[Assignment]:
Starting at the line containing "Kislau Schloss Kislau" and ending at the line containing "करंट की चपेट में आई बच्ची, मौके पर तोड़ा दम करंट", transcribe the listing below exactly. Keep both end lines, skip the pictures, and copy nothing else.

[Data for the task]:
────────

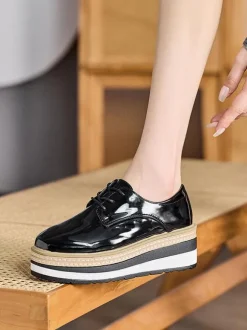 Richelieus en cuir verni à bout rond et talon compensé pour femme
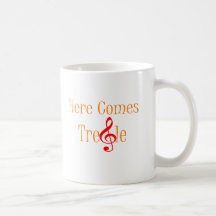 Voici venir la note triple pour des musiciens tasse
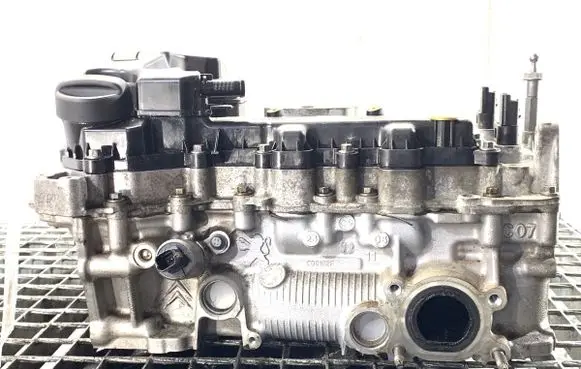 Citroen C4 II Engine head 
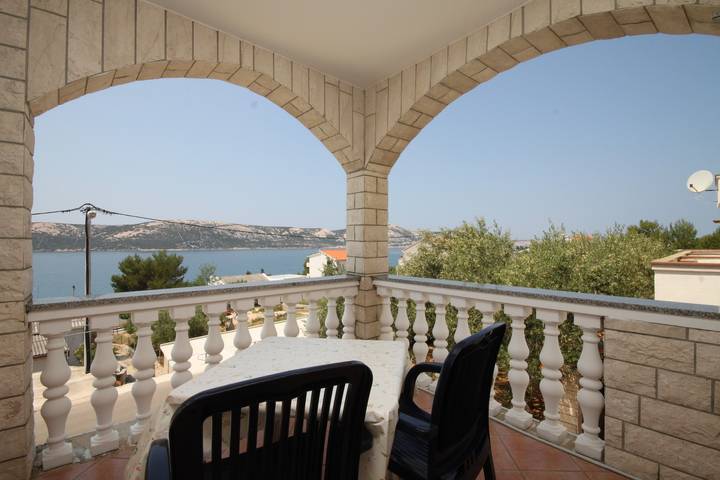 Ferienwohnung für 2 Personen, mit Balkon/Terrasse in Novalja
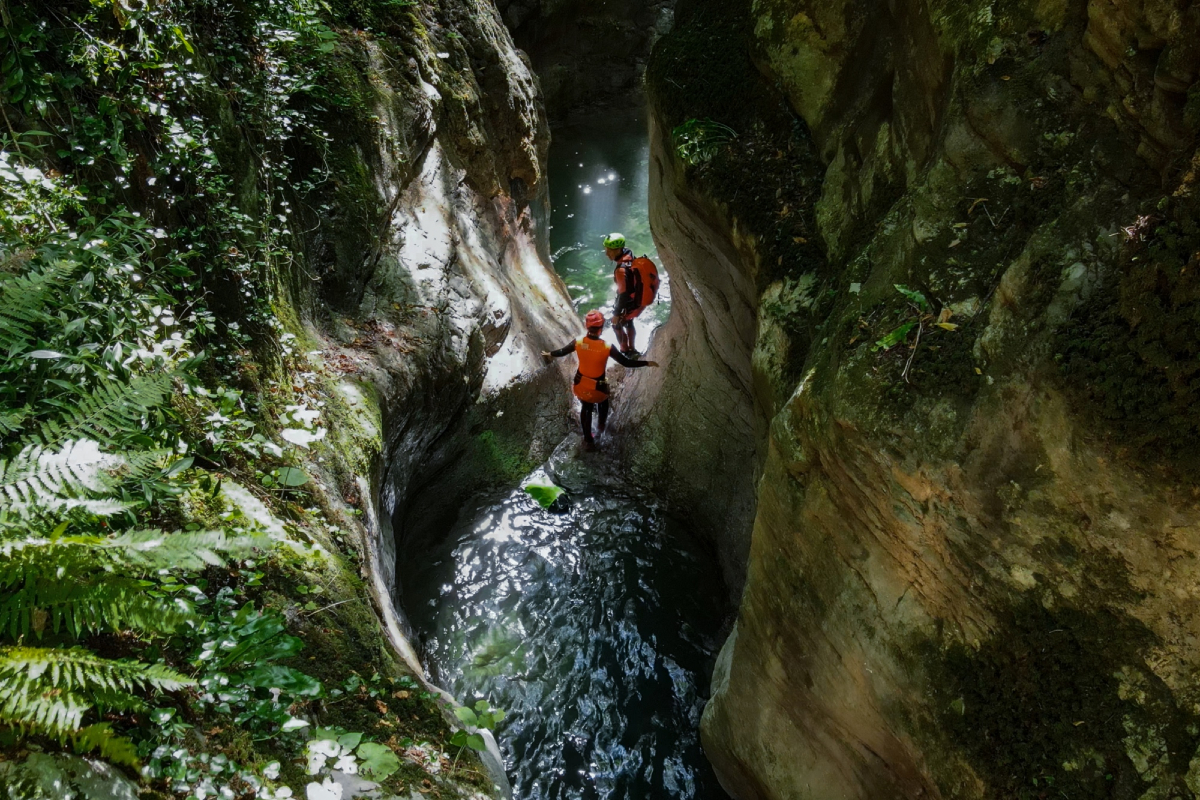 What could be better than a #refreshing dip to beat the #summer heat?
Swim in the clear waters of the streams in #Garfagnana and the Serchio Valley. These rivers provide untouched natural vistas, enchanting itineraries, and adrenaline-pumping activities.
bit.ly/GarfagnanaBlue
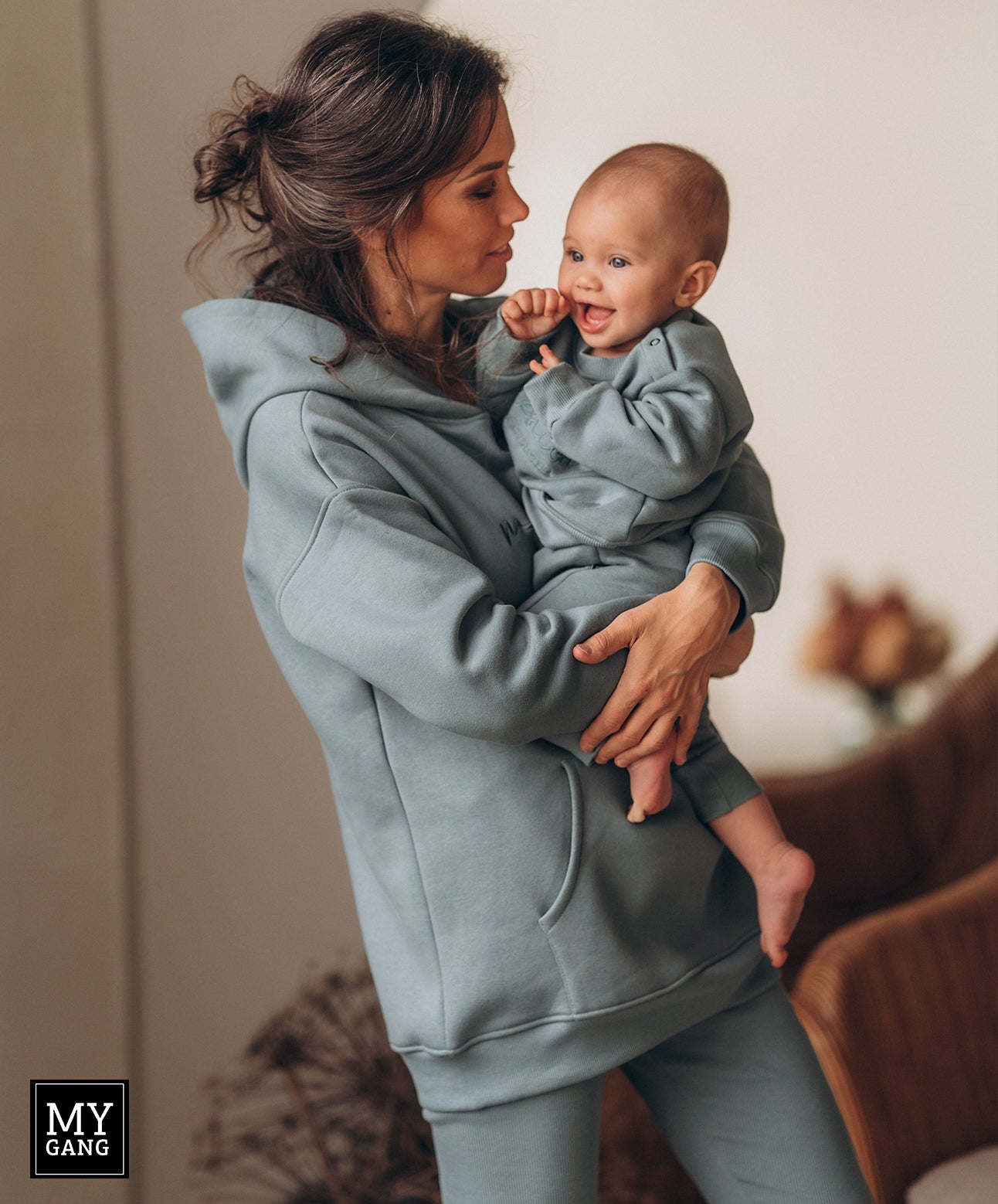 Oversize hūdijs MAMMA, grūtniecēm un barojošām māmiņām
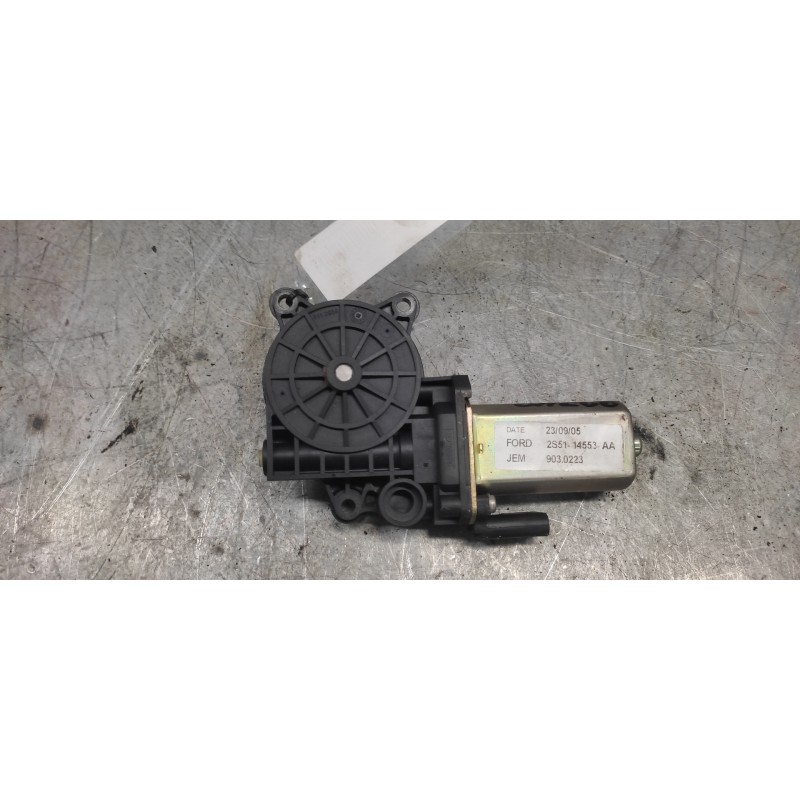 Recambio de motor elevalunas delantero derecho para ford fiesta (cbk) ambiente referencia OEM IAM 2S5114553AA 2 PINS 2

────────

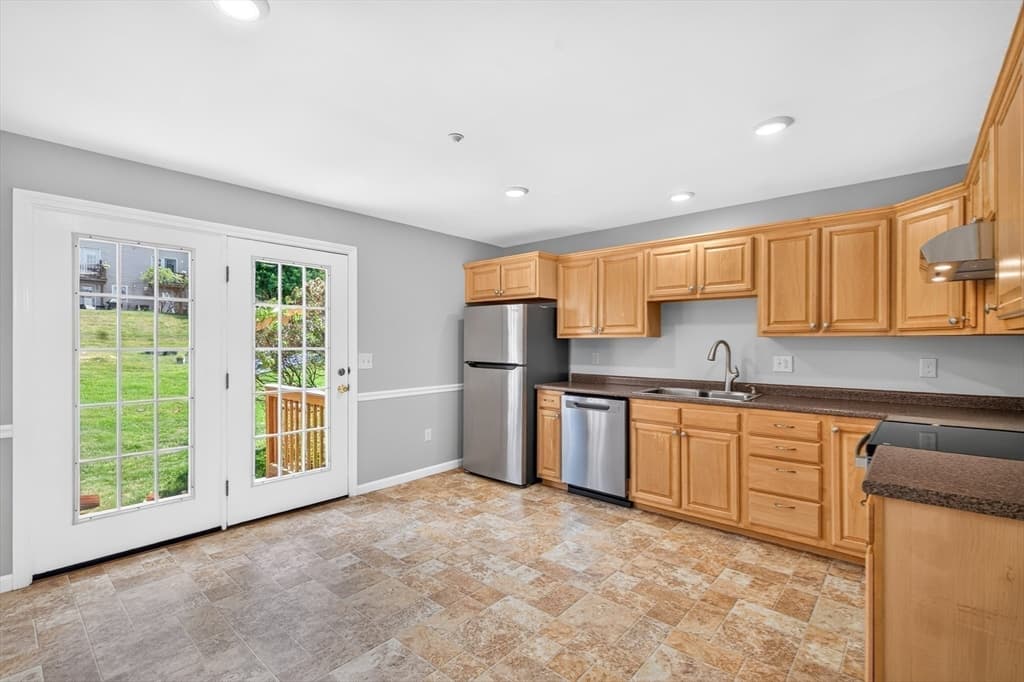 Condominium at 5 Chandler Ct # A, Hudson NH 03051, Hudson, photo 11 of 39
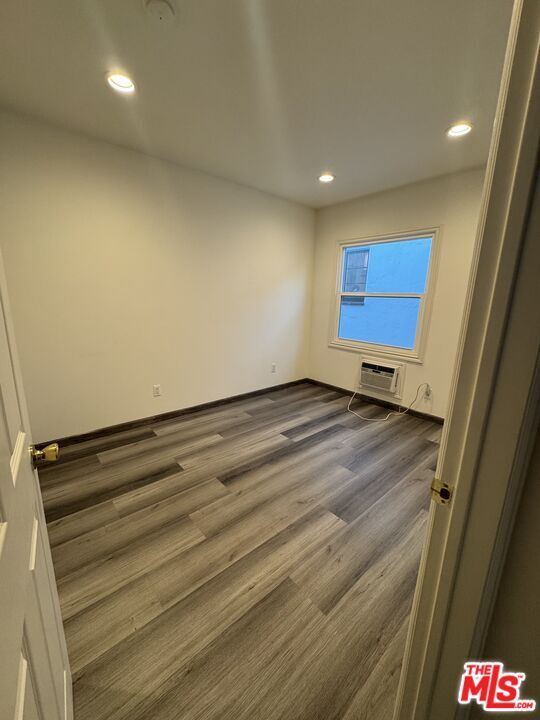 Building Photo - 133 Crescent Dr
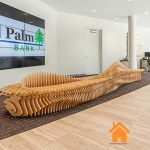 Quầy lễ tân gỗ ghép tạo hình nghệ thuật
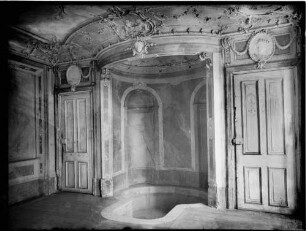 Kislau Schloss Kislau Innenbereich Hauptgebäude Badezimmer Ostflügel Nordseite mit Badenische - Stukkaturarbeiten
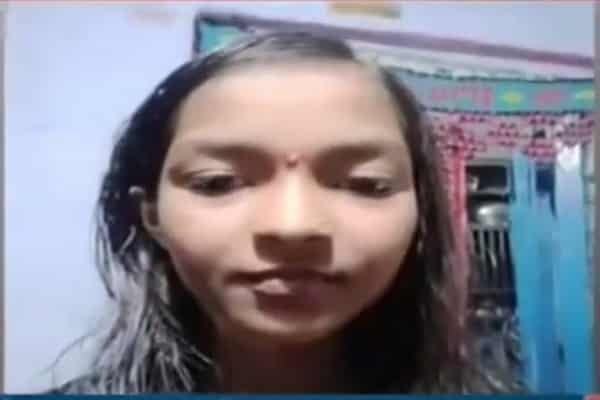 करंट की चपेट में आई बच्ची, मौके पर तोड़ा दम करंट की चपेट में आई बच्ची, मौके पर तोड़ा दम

────────

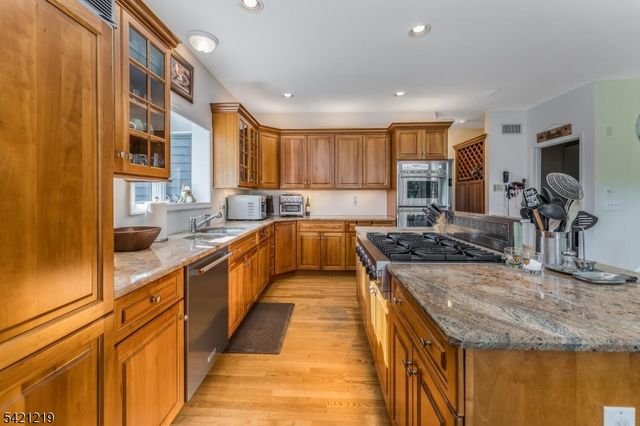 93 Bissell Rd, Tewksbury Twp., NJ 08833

────────

[Exercise output]:
 Kislau Schloss Kislau Innenbereich Hauptgebäude Badezimmer Ostflügel Nordseite mit Badenische - Stukkaturarbeiten
 करंट की चपेट में आई बच्ची, मौके पर तोड़ा दम करंट की चपेट में आई बच्ची, मौके पर तोड़ा दम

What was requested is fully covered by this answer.